Medico Legal Healthcare
Speech and language therapist MCA

Assessing mental capacity is a delicate and highly structured process that requires clear communication, accurate understanding, and thoughtful interpretation. When a neuropsychologist carries out a mental capacity assessment, they must ensure that the individual fully comprehends the information presented, is able to retain and weigh it, and can communicate a decision effectively. But what happens when language or communication difficulties interfere with that process? This is where Speech and Language Therapists (SLTs) become essential collaborators — and why their involvement can make or break the validity of the assessment.

Communication as the Foundation of Capacity

Under the Mental Capacity Act (2005), a person’s ability to make decisions is judged on four core criteria: understanding, retaining, weighing, and communicating information. The last of these — communication — is often the most easily underestimated. If a person cannot express themselves clearly or understand complex verbal information, they may appear to lack capacity when, in fact, their reasoning is intact but masked by communication barriers.

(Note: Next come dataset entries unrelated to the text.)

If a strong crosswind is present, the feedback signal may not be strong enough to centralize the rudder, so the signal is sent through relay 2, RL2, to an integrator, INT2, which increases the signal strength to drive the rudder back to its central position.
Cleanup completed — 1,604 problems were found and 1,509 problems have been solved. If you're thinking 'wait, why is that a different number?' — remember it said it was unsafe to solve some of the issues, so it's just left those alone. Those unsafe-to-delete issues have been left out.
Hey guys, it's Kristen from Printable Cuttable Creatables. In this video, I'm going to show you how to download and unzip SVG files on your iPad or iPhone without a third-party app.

Neuropsychologists are skilled in assessing cognitive functions such as memory, attention, and reasoning. However, when speech, language, or comprehension are affected — for example, following a stroke, traumatic brain injury, or neurodegenerative condition — the expertise of a Speech and Language Therapist becomes vital to ensure that results are fair, valid, and legally defensible.

The SLT’s Role in Ensuring Fair Assessment

An SLT can assess and support communication across multiple domains: expressive and receptive language, verbal reasoning, social communication, and non-verbal understanding. They help identify whether difficulties lie in cognition or communication — a crucial distinction in capacity assessments.

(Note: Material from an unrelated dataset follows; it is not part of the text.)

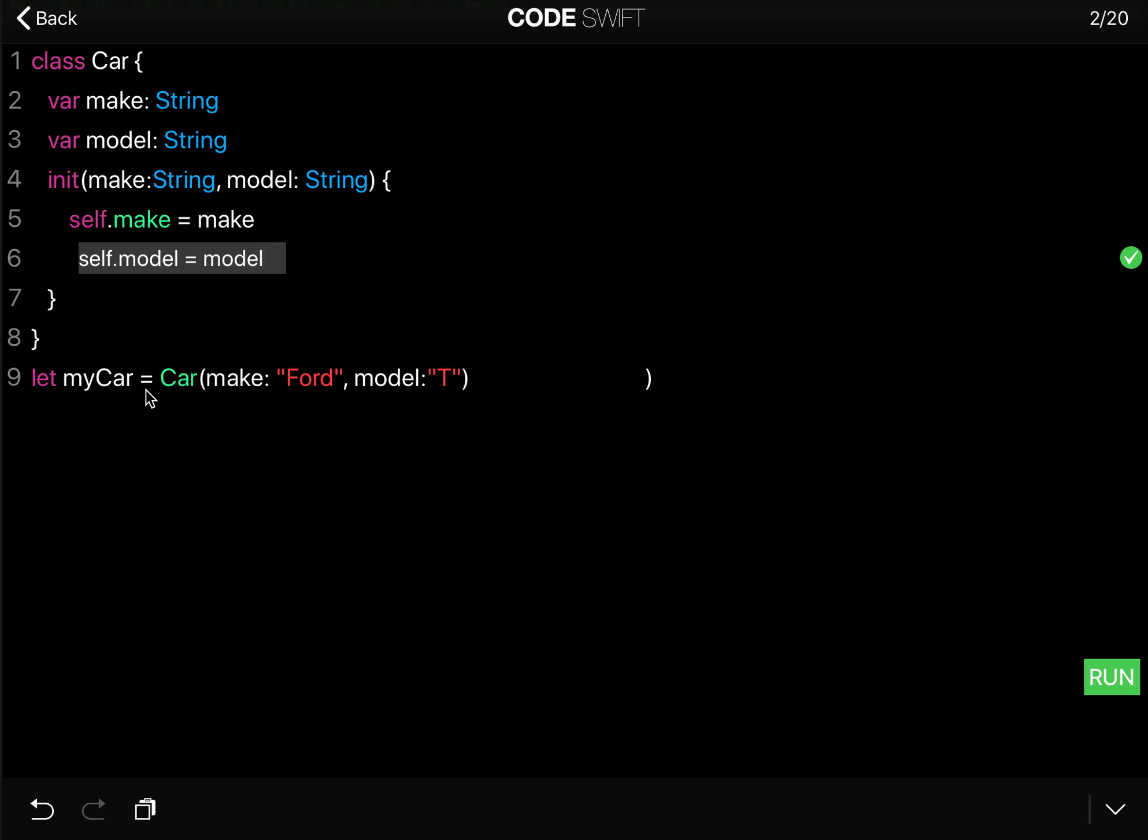And when we do that, you can then in line nine create an instance of this Car class. And we say let myCar equals Car, and let's say the make is Ford and the model is T.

For instance, a person with expressive aphasia may fully understand a financial or medical decision but struggle to articulate their reasoning. Without SLT input, they risk being wrongly deemed to lack capacity. Conversely, an SLT can help adapt the assessment process — simplifying language, using visual aids, or providing supported communication tools — so the neuropsychologist can accurately gauge capacity based on understanding rather than speech fluency.

A Collaborative Approach

When SLTs and neuropsychologists collaborate, they create a more holistic picture of an individual’s decision-making abilities. The neuropsychologist focuses on cognitive reasoning and executive function, while the SLT ensures that communication challenges are not mistaken for cognitive deficits. Together, they uphold the legal and ethical principle that capacity should never be denied simply because a person communicates differently.

This joint approach is particularly valuable in medicolegal and Court of Protection contexts, where assessments must withstand scrutiny. Reports that integrate SLT findings provide stronger, more transparent evidence and are less likely to be challenged in court.

The Consequences of Omission

When SLT involvement is overlooked, the risk of misinterpreting communication barriers as cognitive incapacity increases significantly. Such errors can have serious implications — from denying someone the autonomy to make decisions about their care or finances, to undermining the credibility of the medico-legal process itself.

At Medico-Legal Healthcare, our neuropsychologists can work closely with Speech and Language Therapists to ensure that every mental capacity assessment is accurate, fair, and person-centred. By combining cognitive expertise with specialist communication assessment, we safeguard the integrity of decision-making evaluations and uphold the individual’s right to be heard and understood.